Chacun essaye de placer ses pions à la tête du service pour pouvoir enquêter sur l'autre. Quand aux pions, chacun essaye de piquer la place du pion d'au dessus en sapant le pion d'en dessous.

Au mois de septembre 2001, les tensions entre le numéro un (Cousseran) et le numéro deux (Pochon) de la DGSE sont à leur comble. Pochon apprend l'enquête de Flam sur les comptes de Chirac au Japon (car entre temps, avec l'arrivée de la gauche à la tête de la DGSE, l'enquête initiale sur Osada à très probablement virée à la vérification de rumeur sur les comptes de Chirac au Japon). On est pas très sérieux parfois quand on travaille à la DGSE. C'est normal, le travail de base du renseignement c'est la vérification des rumeurs, même les plus absurdes. Même délirantes, folle ou, osons lacher le mot, complêtement connes. Du genre Chirac aurait un fils caché au Japon.

Voilà donc, ce qui a du se passer: les socialistes apprennent la rumeur du fils caché et du compte de Chirac au Japon. Cousseran, sur ordre de Jospin, aurait donc demandé à Gilbert Flam (1er sur le dossier) d'enquêter sur le sujet sans en rendre compte à son supérieur chiraquien (Pochon). Pochon qui veut devenir numéro un à la DGSE apprend la nouvelle et, furieux, va cafeter à Chirac. Chirac, furieux à son tour de voir se propager cette rumeur de mazarin japonais demande alors une enquête interne sur la DGSE et sur qui essaye de le faire tomber.

Chirac appelle donc son fidèle lieutenant, le soldat Villepin et lui commande, en novembre 2001, une enquête sur l'enquête. En effet, Cousseran, le directeur, voyant la réaction de Chirac, commande une enquête interne (qui aboutira à la mise hors de cause de tout le monde) et Villepin, demande à un autre agent secret, de faire son enquête parallèle. L'homme choisit par Villepin pour dénoncer ses petits camarades est le général Phillippe Rondot, "l'as du renseignement".

En mai 2002, Chirac est réélu à 82% et tout les officiers ayant participé à l'enquête sur ses comptes au Japon sont remerciés.

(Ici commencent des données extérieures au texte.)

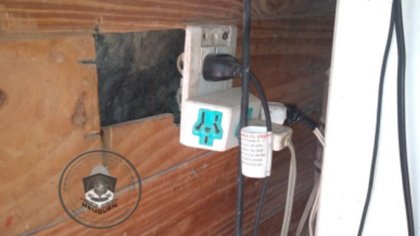 Quiso enchufar un ventilador y murió electrocutado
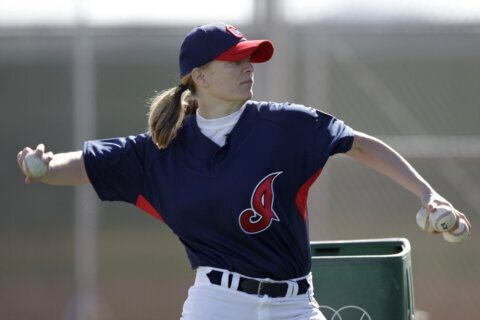 Women’s baseball players could soon have a league of their own again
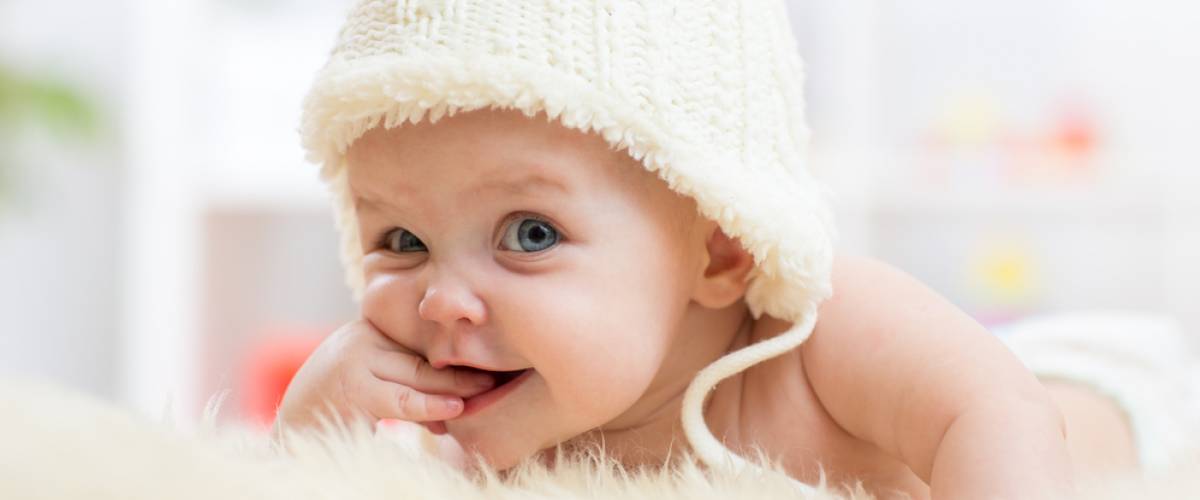 تفسير الطفلة الرضيعة في المنام للعزباء لابن سيرين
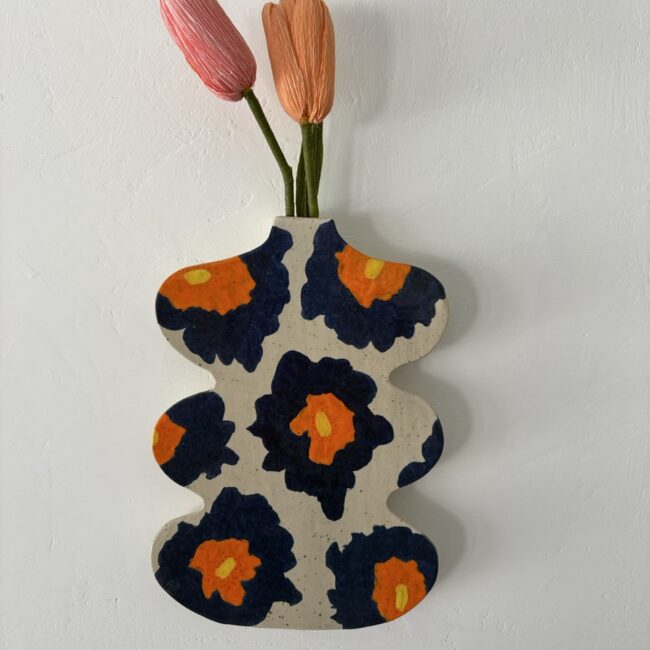 Vaso-fiori-parete-fioriblu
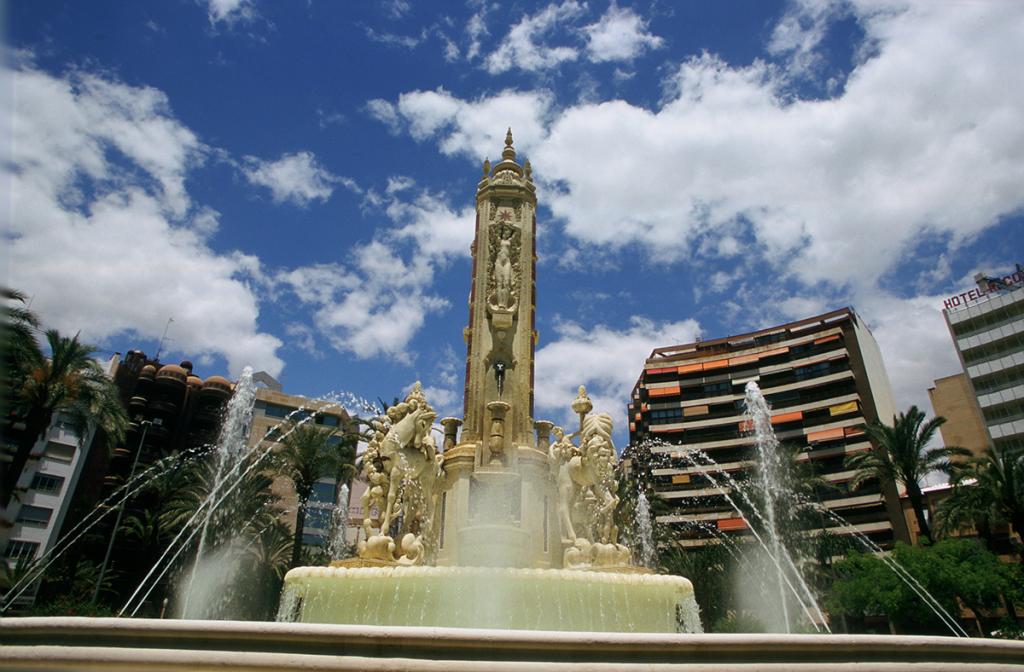 Escultura de la plaza de los Luceros.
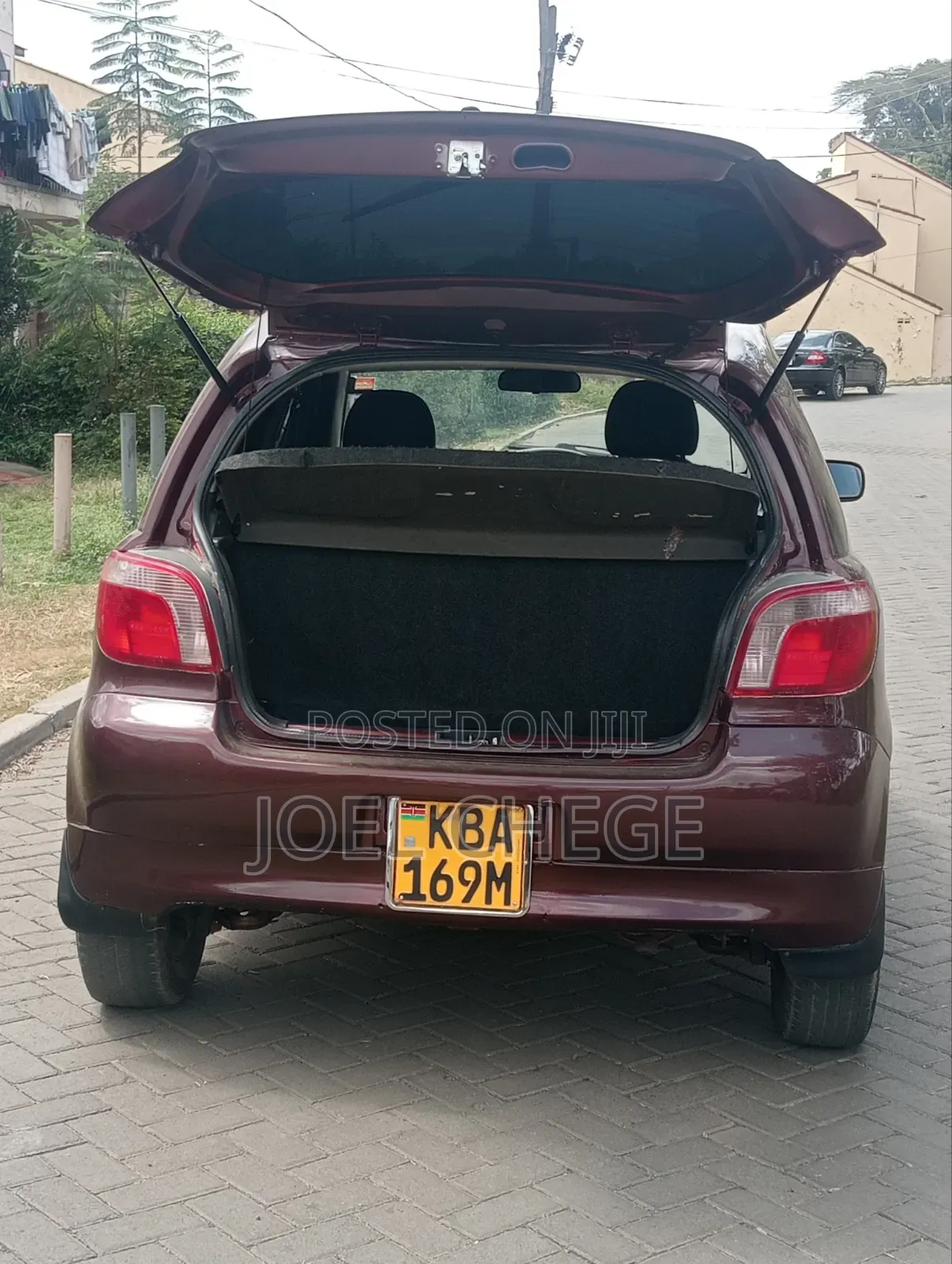 Toyota Vitz 2001 Maroon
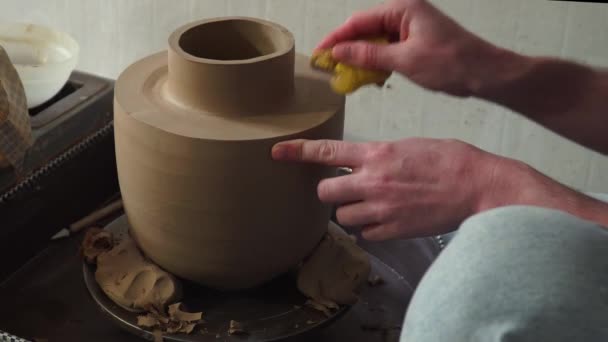 Potter výrobu keramické hrnce na kroucené keramické kolo.Potter v práci, zblízka. — Stock video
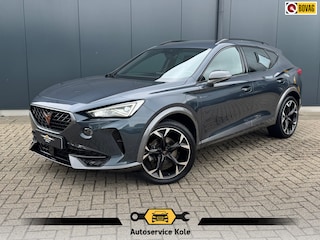 Cupra Formentor 1.4 e-Hybrid 204pk * Trekhaak * Stoelverwarming * Carplay * Side Assist *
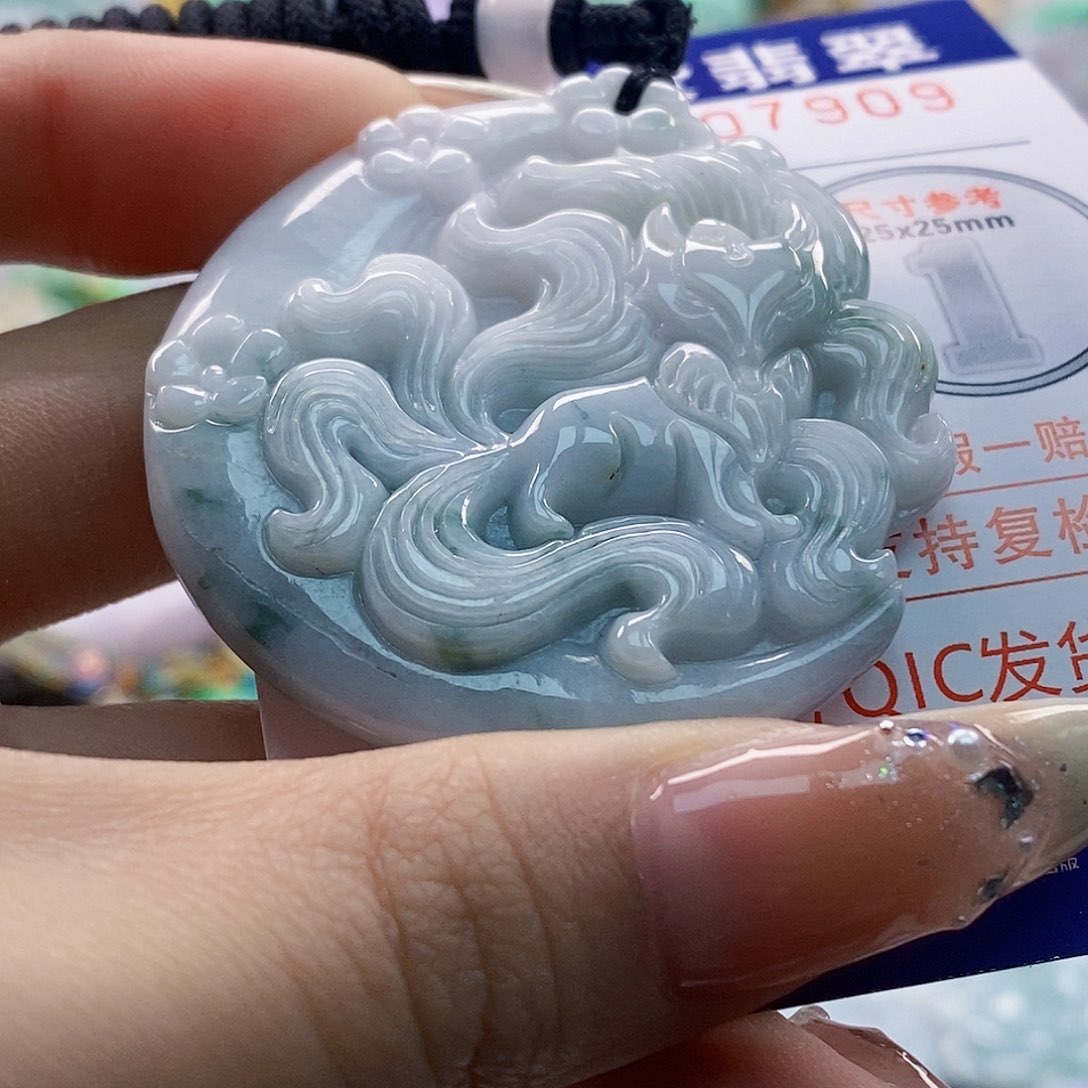 吊坠(不含链)未镶嵌翡翠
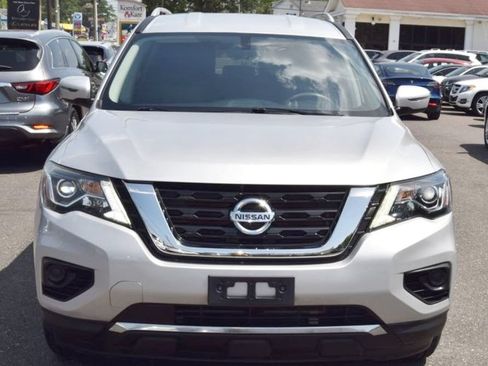 Used 2018 Nissan Pathfinder S AWD/4WD image 15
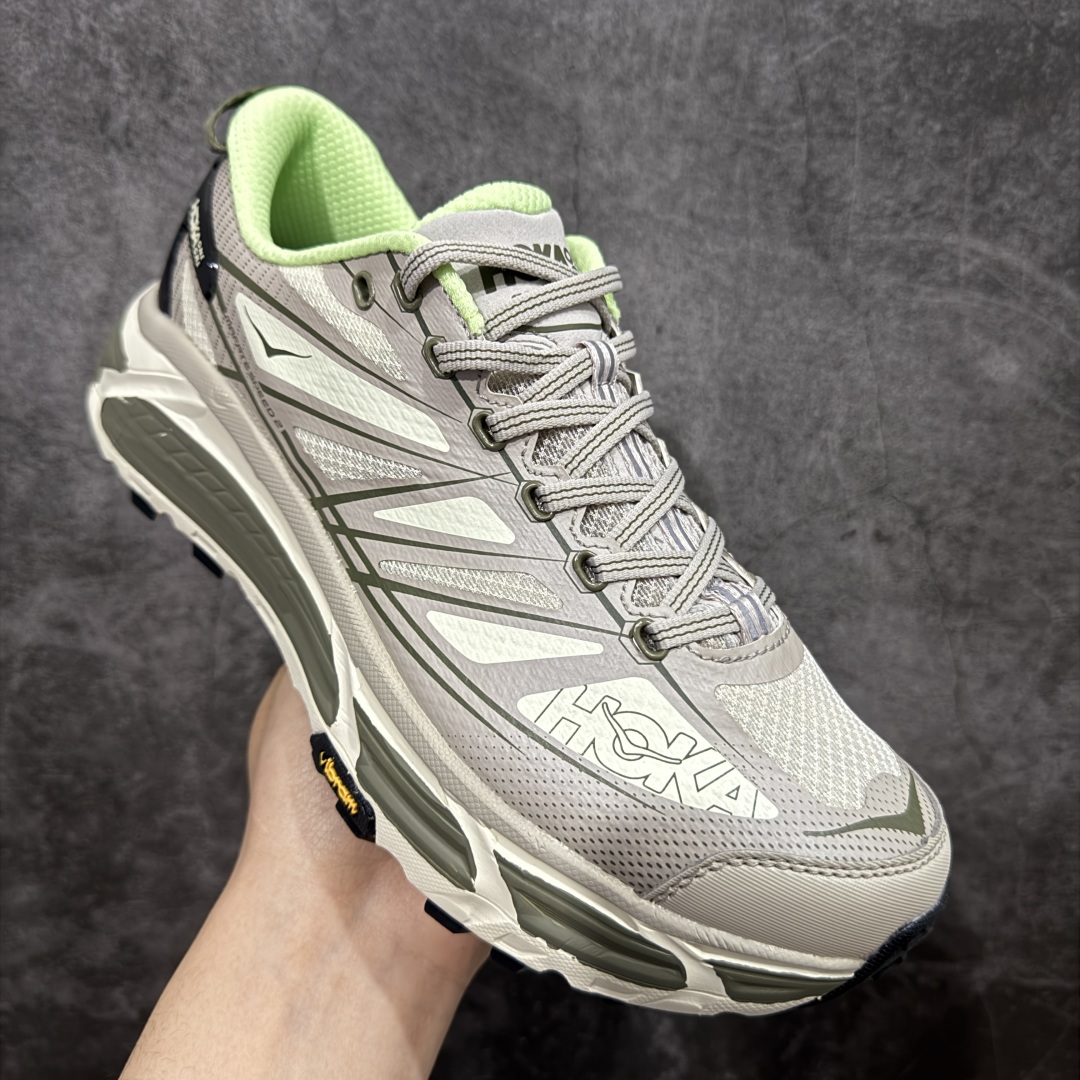 图片[3]-【公司级】HOKA ONE ONE Mafate Speed 2 Low 玛法特2代系列低帮轻量户外越野休闲运动慢跑鞋 HOKA ONE ONE 最近推出了一个胶囊系列 Origin Story 这个系列里的 Mafate Speed 2 可以说让我日思夜想有一阵子了 最近终于拔草 让我来分享一下这双也是上脚赞到爆的越野跑鞋吧 以阿尔卑斯山脉作为主题将亮黄色与蓝色调覆盖在这经典轮廓之上 配色的呈现效果相当亮眼 以至于很多人买这个配色是用来日常搭配的 鞋面采用超轻的无缝架构 轻薄的TPU贴在透气的鞋面材料上 减轻重量同时也保证了支撑性 鞋底则采用滚动平衡技术 引导跑者回归自然步态 祖传的神奇EVA材质中底依旧是一如既往地表现优秀 能提供充足的缓震 作为HOKA家的越野跑鞋 VIBRAM 橡胶大底也是必不可少的 即便在复杂湿滑的地形 依旧能有良好的抓地力及稳定性 鞋带采用了弹性不易松脱的扁宽弹性鞋带 前掌与中掌部分也进行了加宽 也更加适合亚洲人的脚型 是一款十分全面且足够强悍的户外硬核越野鞋 而这双极其亮眼的越野跑鞋恰好又是在江山一百中参赛的UTMB冠军 Ludovic POMMERET 夺冠时穿着的战靴 这就让它变得更加有吸引力了 用来日常搭配的话短裤是基本不挑 长裤我个人推荐阔腿裤 工装裤以及各种长筒牛仔裤都可以 尺码：36 36.5 37.5 38 38.5 39 40 40.5 41 42 42.5 43 44 44.5 45-选品中心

Cousseran, la cellule de Flam etc. tous sont priés d'aller se faire voire ailleurs et même Pochon aussi car les militaires de la DGSE n'ont pas franchement apprécié l'attitude du fayot de la classe.
Les postes de numéro 1 et numéro 2 de la DGSE sont attribués respéctivement à Pierre Brochand, un chiraquien, et à Allain Juillet, ex-(et brillantissime) directeur de Marks et Spencer.

Rondot, lui, qui a bien travaillé, est reconduit dans ses fonction de CROS (Conseiller pour le Renseignement et les Opérations Spéciales) auprès de MAM, nouvelle ministre de la Défense. MAM dans ses récentes déclarations sur l'affaire (le Canard enchaîné, Libération) dit ne pas franchement apprécier Rondot et le juge même incompétent. Le Canard révèle que selon MAM, "Ce n'est pas du tout l'as du Contre-Espionnage dont on parle. Il est resté à mon cabinet simplement parce que Carla Del Ponte (procureur du tribunal pénal international pour l'ex-yougoslavie) considérait que Rondot était le seul à pouvoir arrêter les criminels de guerre en Bosnie. Et il n'a arrêté personne". Rondot serait donc un incompétent absolu imposé au ministère de la Défense français par un procureur du tribunal pénal international.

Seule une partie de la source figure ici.